Paul Sanders · Accepted Answer · 2020-06-02T23:57:08.387

127

2147483647 + 1 is evaluated as the sum of two ints and therefore overflows.

2147483648 is too big to fit in an int and is therefore assumed by the compiler to be a long (or a long long in MSVC). It therefore does not overflow.

To perform the summation as a long long use the appropriate constant suffix, i.e.

a = 2147483647LL + 1;

edited Jun 02 '20 at 23:57

answered May 05 '20 at 23:40

Paul Sanders

15,937
4
18
36

Comments are not for extended discussion; this conversation has been [moved to chat](https://chat.stackoverflow.com/rooms/213422/discussion-on-answer-by-paul-sanders-why-does-long-long-2147483647-1-214748). – Samuel Liew May 08 '20 at 13:39

Peter Cordes · Answer 2 · 2020-08-19T19:38:22.527

This signed integer overflow is undefined behaviour, like always in C/C++

What Every C Programmer Should Know About Undefined Behavior

Unless you compile with gcc -fwrapv or equivalent to make signed integer overflow well-defined as 2's complement wrap-around. With gcc -fwrapv or any other implementation that defines integer overflow = wraparound, the wrapping that you happened to see in practice is well-defined and follows from other ISO C rules for types of integer literals and evaluating expressions.

T var = expression only implicitly converts the expression to type T after evaluating the expression according to standard rules. Like (T)(expression), not like (int64_t)2147483647 + (int64_t)1.

A compiler could have chosen to assume that this path of execution is never reached and emitted an illegal instruction or something. Implementing 2's complement wraparound on overflow in constant expressions is just a choice that some/most compilers make.

The ISO C standard specifies that a numeric literal has type int unless the value is too large to fit (it can be long or long long, or unsigned for hex), or if a size override is used. Then the usual integer promotion rules apply for binary operators like + and *, regardless of whether it's part of a compile-time constant expression or not.

This is a simple and consistent rule that's easy for compilers to implement, even in the early days of C when compilers had to run on limited machines.

Thus in ISO C/C++ 2147483647 + 1 is undefined behaviour on implementations with 32-bit int. Treating it as int (and thus wrapping the value to signed negative) follows naturally from the ISO C rules for what type the expression should have, and from normal evaluation rules for the non-overflow case. Current compilers don't choose to define the behaviour differently from that.
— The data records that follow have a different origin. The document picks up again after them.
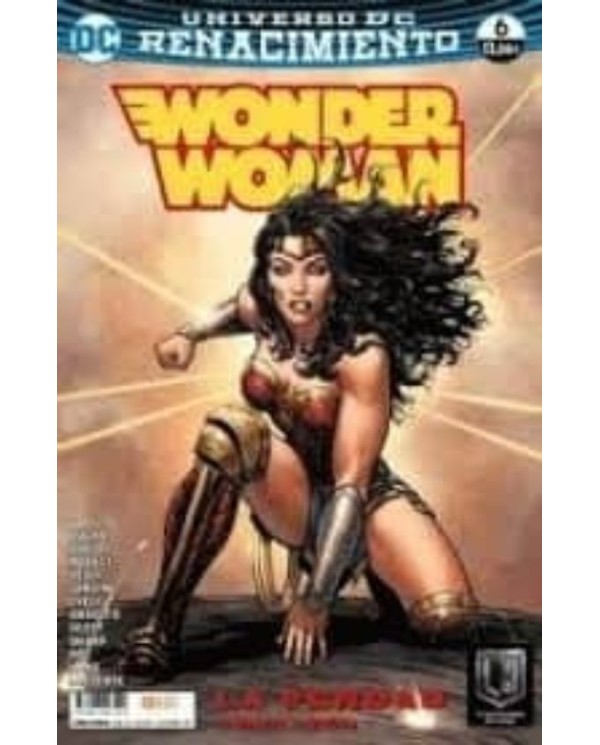 9788417243500SM SEGUNDA MANO    WONDER WOMAN Nº 20/6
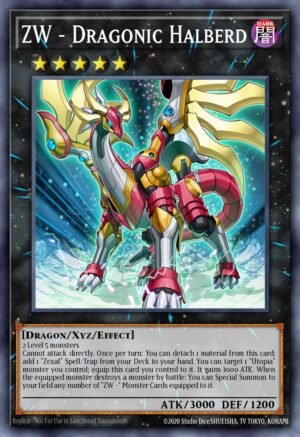 ZW – Dragonic Halberd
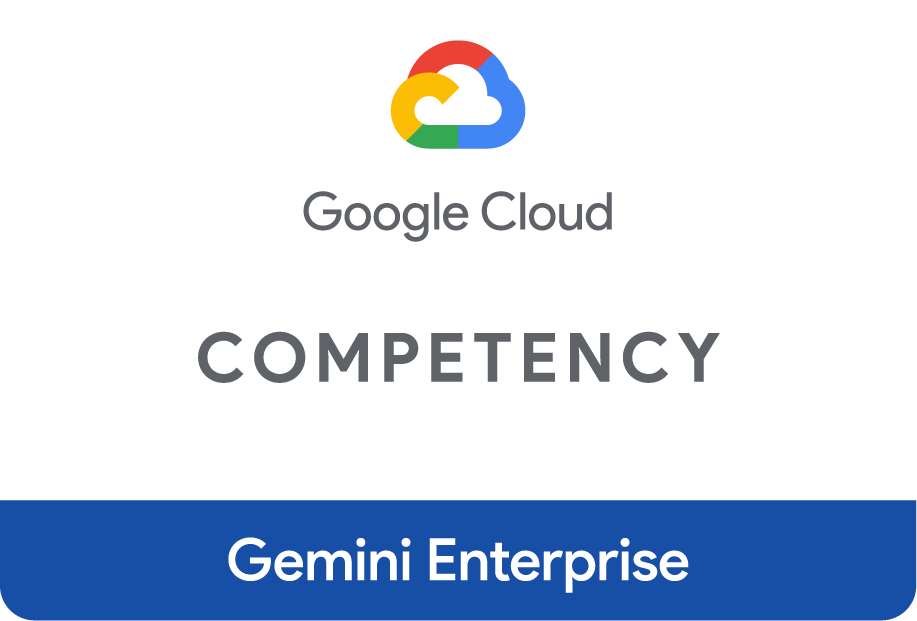 Pythian holds a Google Cloud Gemini Enterprise Competency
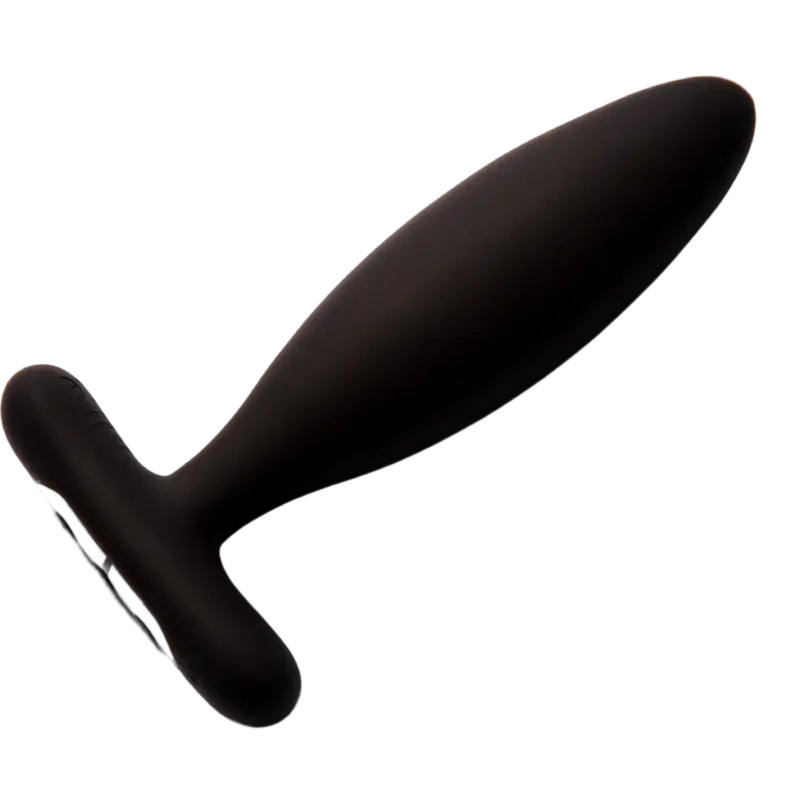 Je Joue - Plug Anal Vibrant Vesta - Noir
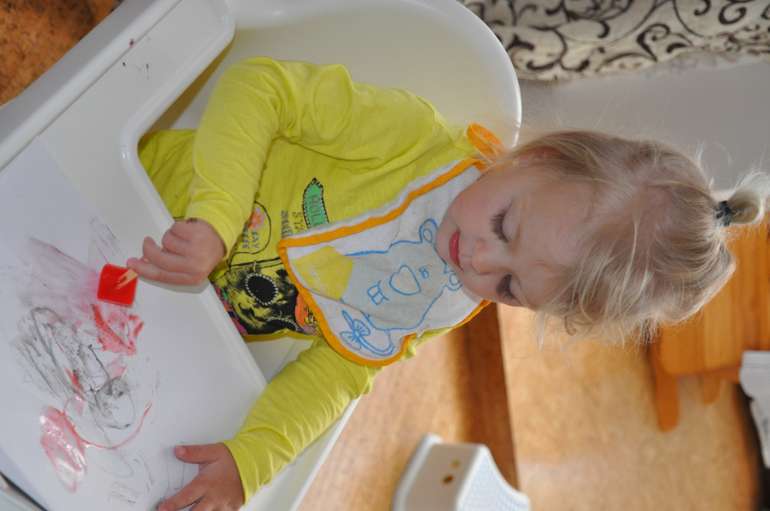 Рисование льдом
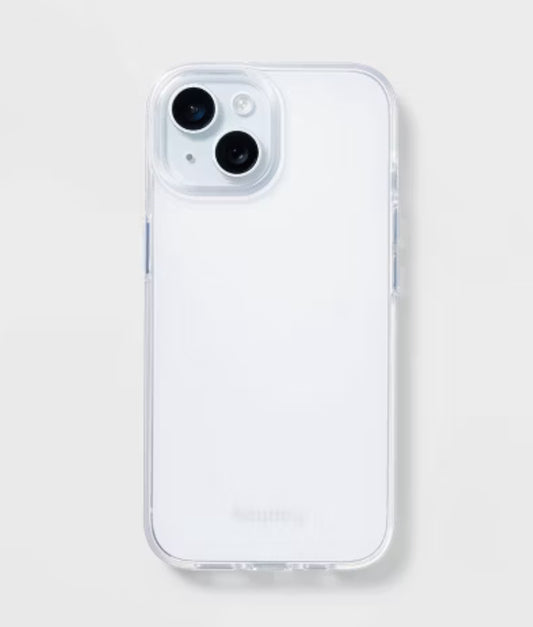 iPhone 15 Plus clear phone case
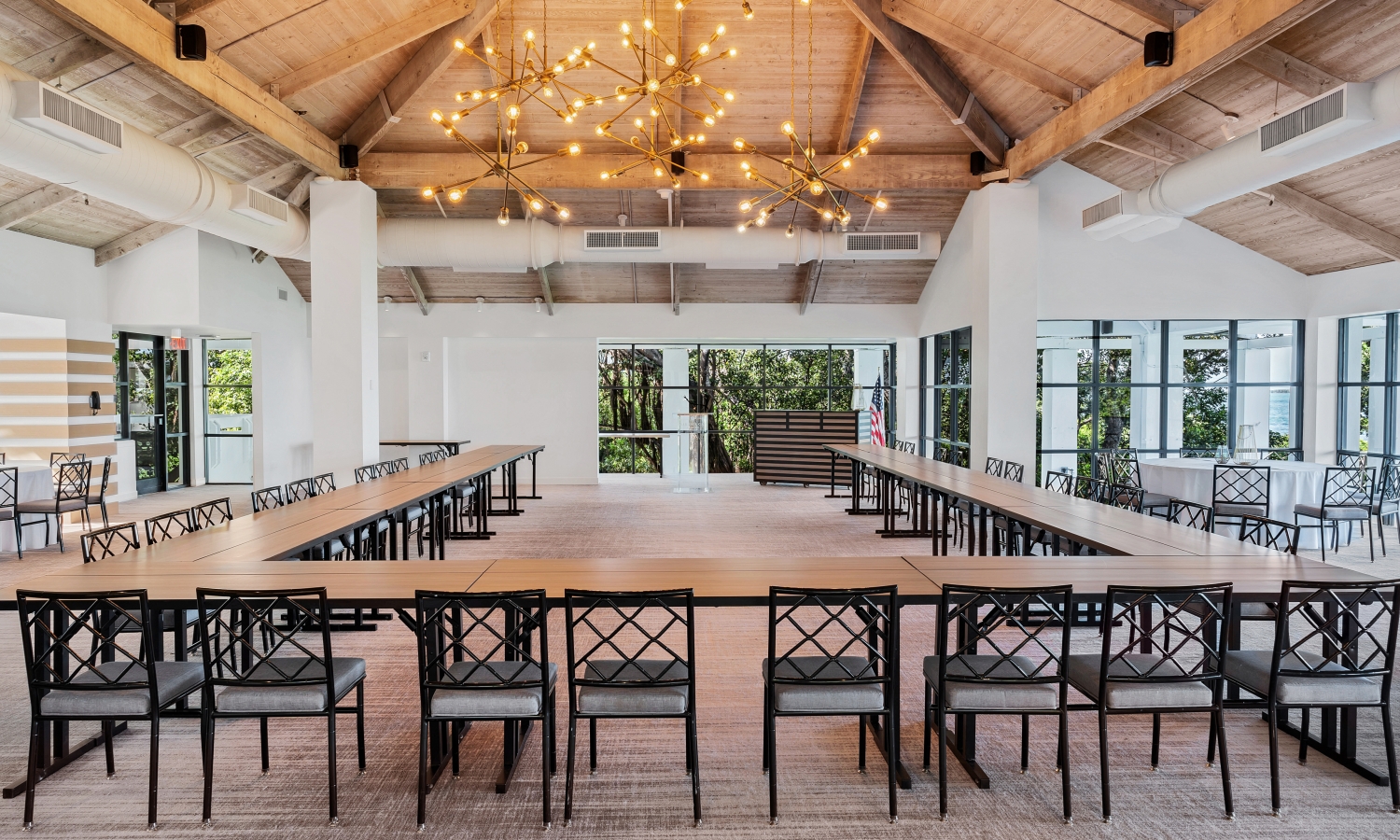 Cayview South Ballroom and Veranda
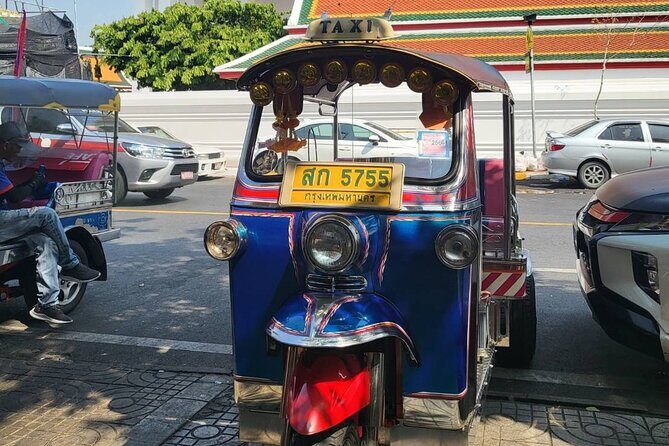Experience Bangkok with typical Thai tuk-tuk - What the Reviews Say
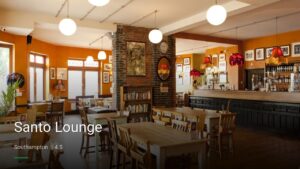 Santo Lounge — Pubs in Southampton
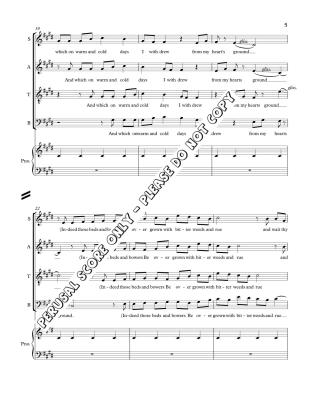 Beloved, Thou Hast Brought Me Many Flowers (from LOVE IN PUBLIC - The Choral Suite) - Browning/MacIntyre - SATB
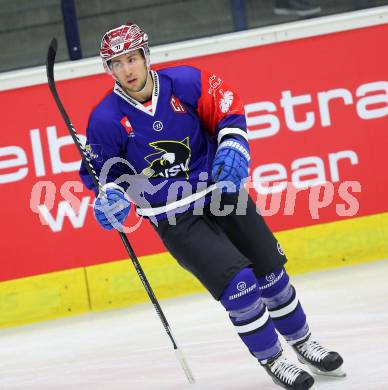 Eishockey. Champions Hockey League VSV gegen Briancon Diables Rouges. Marc Santorelli (VSV). Villach, 4.9.2014.
Foto: Kuess 
---
pressefotos, pressefotografie, kuess, qs, qspictures, sport, bild, bilder, bilddatenbank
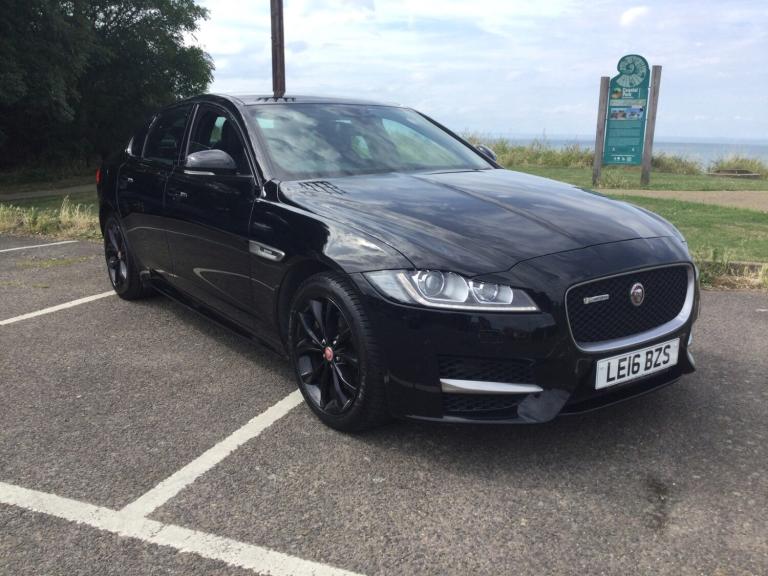 2016 Jaguar XF 2.0d [180] R-Sport 4dr Auto SALOON Diesel Automatic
ISO C/C++ do leave it undefined, so an implementation could pick literally anything (including nasal demons) without violating the C/C++ standards. In practice this behaviour (wrap + warn) is one of the less objectionable ones, and follows from treating signed integer overflow as wrapping, which is what often happens in practice at runtime.

Also, some compilers have options to actually define that behaviour officially for all cases, not just compile-time constant expressions. (gcc -fwrapv).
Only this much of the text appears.